This would sound extremely conspiratorial except this exact scenario has happened on mobile: It's a real slippery slope from everything always runs into the Google browser into everything is an app in the Google browser store.
Envision a FAANG stomping on a human face forever...
I think you're missing the point. Mobile was kind of the opposite, where instead of having source-available applications on an open platform, the mobile OS makers made it near-impossible to install anything but closed-source apps from their closed-source walled garden app stores.
Being able to run in the browser doesn't mean you have to run it in Chrome. You can use Chromium (open source), or Firefox, or Brave. You can bundle it into an electron app. You could write your own browser that runs javascript with just the APIs needed to make the game work, and deliver it in that (the standards are all open and the spec is public)

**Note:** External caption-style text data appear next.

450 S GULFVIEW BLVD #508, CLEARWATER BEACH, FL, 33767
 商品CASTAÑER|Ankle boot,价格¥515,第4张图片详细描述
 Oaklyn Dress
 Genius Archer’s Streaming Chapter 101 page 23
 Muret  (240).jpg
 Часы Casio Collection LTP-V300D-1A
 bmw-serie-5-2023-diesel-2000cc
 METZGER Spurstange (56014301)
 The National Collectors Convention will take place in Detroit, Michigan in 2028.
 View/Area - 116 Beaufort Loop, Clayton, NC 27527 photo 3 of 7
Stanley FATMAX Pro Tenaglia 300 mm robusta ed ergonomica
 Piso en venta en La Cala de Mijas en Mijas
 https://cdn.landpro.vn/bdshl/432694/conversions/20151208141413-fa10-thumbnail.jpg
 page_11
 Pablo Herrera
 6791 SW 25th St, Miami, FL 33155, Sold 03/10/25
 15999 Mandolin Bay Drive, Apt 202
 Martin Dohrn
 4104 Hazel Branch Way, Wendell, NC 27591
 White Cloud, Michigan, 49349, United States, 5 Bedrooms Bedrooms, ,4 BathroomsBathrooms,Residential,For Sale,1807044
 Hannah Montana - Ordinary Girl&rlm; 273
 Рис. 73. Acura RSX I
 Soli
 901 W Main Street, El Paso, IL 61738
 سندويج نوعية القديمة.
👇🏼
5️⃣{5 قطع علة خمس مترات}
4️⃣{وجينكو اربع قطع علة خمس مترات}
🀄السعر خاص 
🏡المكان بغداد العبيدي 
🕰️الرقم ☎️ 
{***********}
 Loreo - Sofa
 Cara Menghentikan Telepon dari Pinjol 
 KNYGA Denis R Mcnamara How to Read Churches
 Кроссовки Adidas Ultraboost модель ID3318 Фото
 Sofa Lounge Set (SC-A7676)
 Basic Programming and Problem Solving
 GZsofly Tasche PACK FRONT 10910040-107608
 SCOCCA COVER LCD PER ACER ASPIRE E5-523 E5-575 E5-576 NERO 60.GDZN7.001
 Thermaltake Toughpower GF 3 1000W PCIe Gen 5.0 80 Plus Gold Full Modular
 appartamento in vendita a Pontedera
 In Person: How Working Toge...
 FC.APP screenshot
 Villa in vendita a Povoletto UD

This is so much better than what we have with mobile, and much more secure than running random executables on your daily-driver OS directly
I'm going to assume this isn't a rhetorical question. This is a program written in java using libGDX, and the compiled target depends on JRE.
If you read the documentation on it, you will see that libGDX can build with web as a target, but the developer has chosen not to do this as of yet. Perhaps they might, if asked nicely. Or, since you claim for it to be easily programmed in WASM and/or vanilla JS, you could go ahead and do that.
I'm sure you didn't mean any offense, and I also don't mean any offense when saying that your apparent bewilderment (if rhetorical) comes across as entitled, and you should perhaps consider your approach here.
It looks like a fun game. I did not mean to offend. I don't think there's nothing entitled about giving suggestions for improvement and reaching a wider audience - e.g. through giving the reason why I did not try out the game personally. The sand physics simulation does not look that complex/heavy to me - probably if the author implemented it once in Java they could do it again in JavaScript + Canvas, and it could even be a fun exercise to port the game to a new platform.
You did not offend me at least. Given the stated goal, you could ask with a curious tone instead and avoid confusing you for someone rude/annoying. That said, you are right that technically, this isn't complicated. Sand physics like this is only a few lines of code. However, someone did mix concepts leading to a novel approach to an otherwise exhaustively cloned game. Tetris was huuuge in its day, and there are hundreds if not thousand commercial clones and variations. The interesting part to me is that novel combination. And, they went so far as to polish it as a game, share it for free, and all you have to do is click a couple of buttons.
So, if this inspires you to want to recreate it in canvas, have at it. It's probably a great exercise. The author can likely just build a target for the web and libGDX takes care of the rest. They might have to solve some build errors, figure out how to host it on itch, etc, and if they cannot be bothered, they don't owe anyone anything. Quite the opposite.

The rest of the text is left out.